Doch „das bisherige Tempo der Erneuerung können wir schon aus Kostengründen nicht halten“, sagt Bürgermeister Müller. Nicht jedes Fachwerkhaus, nicht jeder Giebel und nicht jede Pflasterstraße könne so schnell wie möglich instand gesetzt werden. „Wir brauchen manchmal den Mut zur Lücke.“ In seiner Stadt wird derzeit beispielsweise um die Zukunft des leer stehenden Frauengefängnisses am Markt diskutiert.
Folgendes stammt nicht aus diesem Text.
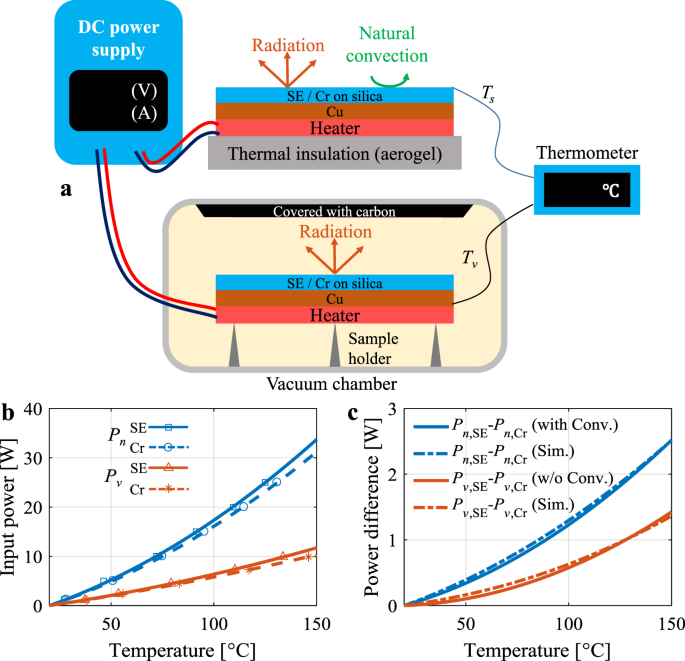 Multispectral camouflage for infrared, visible, lasers and microwave with  radiative cooling | Nature Communications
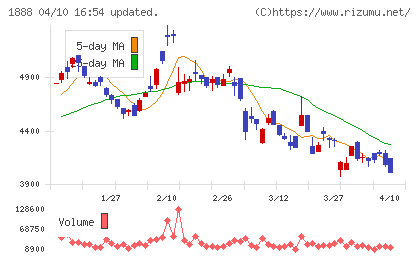 若築建設チャート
Zu DDR-Zeiten litten die Stadtzentren unter der Wohnungspolitik. Sie setzte auf die billigste und kürzeste Variante, um die Einwohner mit Wohnraum zu versorgen: die Plattenbauten. Fast jede Stadt und viele Dörfer erhielten am Rande fünf- bis elfgeschossige Häuser, während in den Zentren die oft mehr als 100 Jahre alten Bauten verfielen. Selbst in manchen Innenstädten wie Bernau oder Rathenow wurden Plattenbauten als Allheilmittel gepriesen.

Heute zieht es die Menschen wieder zurück in die sanierten Zentren mit ihren historischen Bürger- und Fachwerkhäusern. „Vor zehn Jahren standen in der Innenstadt 20 Prozent der Wohnungen leer, heute sind es weniger als 10 Prozent“, sagt Neuruppins Baudezernent Arne Krohn. Vor allem ältere Leute bevorzugten zunehmend die Stadtkerne wegen der Nähe zu den Läden, Ärzten, Restaurants.

Anderseits kämpfe heute der Einzelhandel mit viel größeren Problemen als etwa noch vor fünf Jahren. „Die Rabattaktionen der großen Märkte und Einkaufszentren bedrohen zunehmend die Existenz der Mittelständler.“ Leere Geschäfte aber seien tödlich für ein attraktives Zentrum, sagt Krohn.

Die Bürgermeister vereint auch die Sorge um geringere öffentliche Mittel. Dabei, so argumentieren sie, gehen 90 Prozent der Aufträge zur Städtesanierung an örtliche Baufirmen. Das sei eine echte Wirtschaftsförderung im sonst eher benachteiligten ländlichen Raum. Zudem könnten private Eigentümer allein die oft erheblichen Baukosten kaum aufbringen, sagt Arne Krohn. In jüngster Zeit hielten sich Banken eher mit Krediten zurück.

Und viel stärker als bisher wollen die kleinen Städte künftig auch um Touristen werben, die Geld in den Ort bringen. Den wohl spektakulärsten Einfall dabei hatten die Stadtväter von Templin in der Uckermark: Sie wollen im historischen Rathaus Ferienwohnungen einrichten, da die Verwaltung schon vor längerer Zeit ausgezogen ist.